- [Exercise brief]: Below are the records to transcribe exactly; do not include any images.

----------

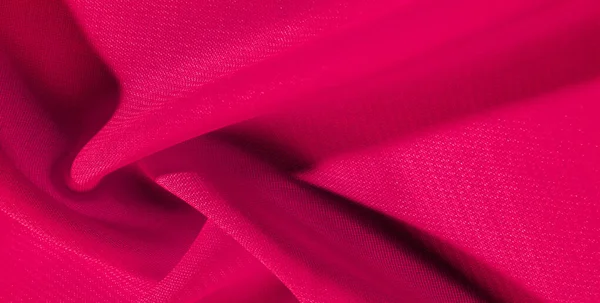 Textura fondo patrón tela de seda roja. Este organza de seda ha —  Fotos de Stock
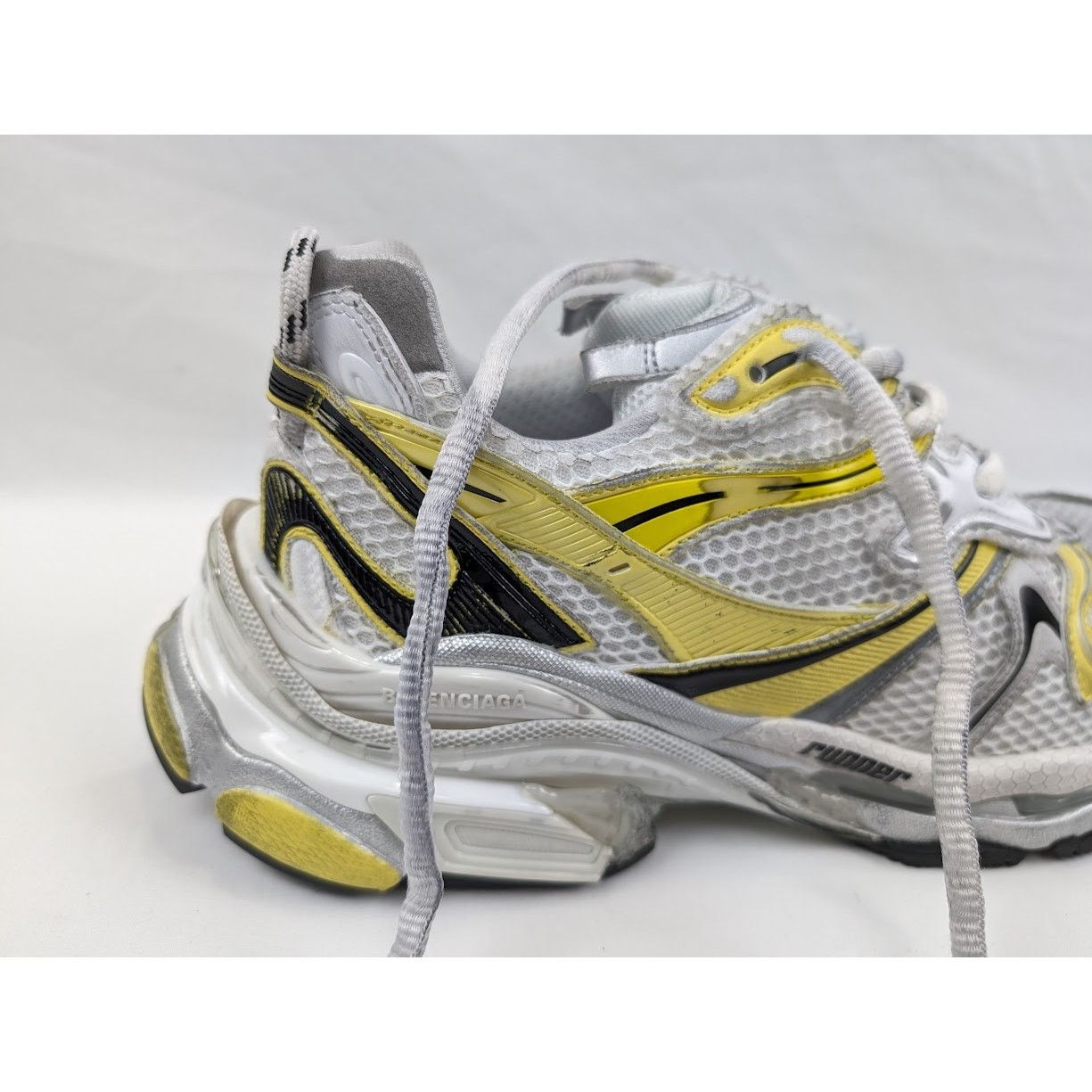 Balenciaga o1rshd1 Runners 2 Sneakers in White/Yellow/Black Size US 11 / EU 44 - 4 Thumbnail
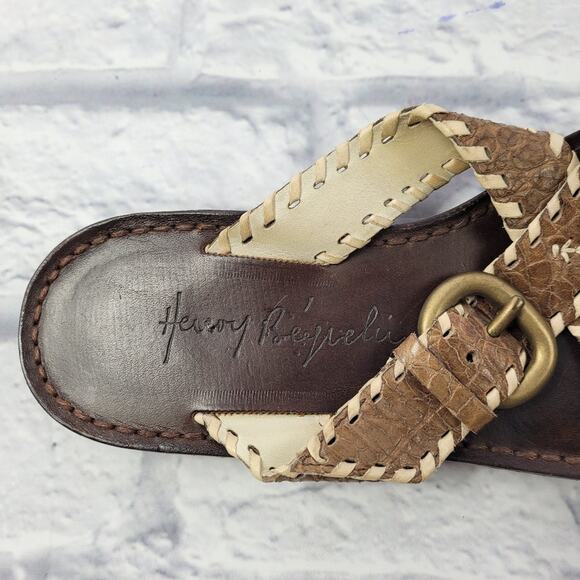 Henry Beguelin Brown Leather Slides size 35 - Picture 8 of 12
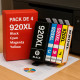 Pack de Cartouches Compatibles HP 920 XL OfficeJet 6000, 6500/E709/E710/Wireless, 6500A,/Plus, 7000/Wide , 7500A/Wide , E710A/N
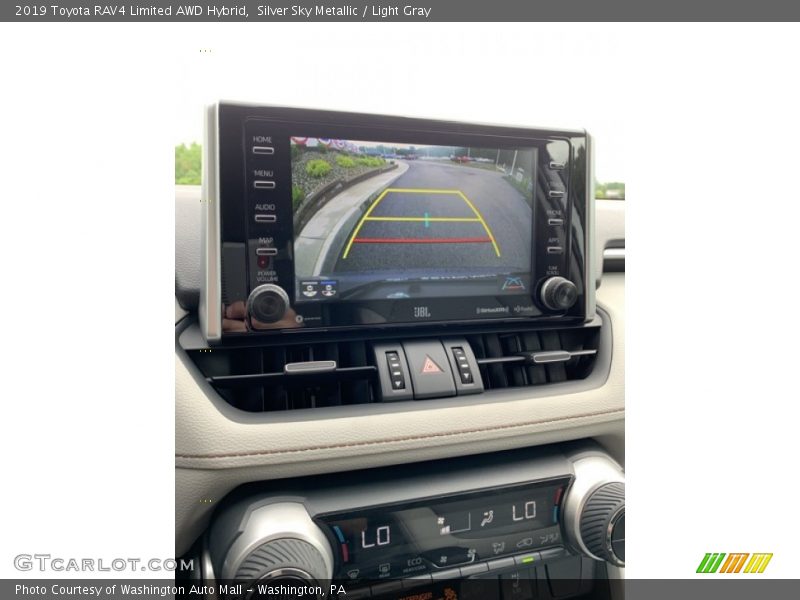 Silver Sky Metallic / Light Gray 2019 Toyota RAV4 Limited AWD Hybrid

----------

- [Reply]:
 Textura fondo patrón tela de seda roja. Este organza de seda ha —  Fotos de Stock
 Balenciaga o1rshd1 Runners 2 Sneakers in White/Yellow/Black Size US 11 / EU 44 - 4 Thumbnail
 Henry Beguelin Brown Leather Slides size 35 - Picture 8 of 12
 Pack de Cartouches Compatibles HP 920 XL OfficeJet 6000, 6500/E709/E710/Wireless, 6500A,/Plus, 7000/Wide , 7500A/Wide , E710A/N
 Silver Sky Metallic / Light Gray 2019 Toyota RAV4 Limited AWD Hybrid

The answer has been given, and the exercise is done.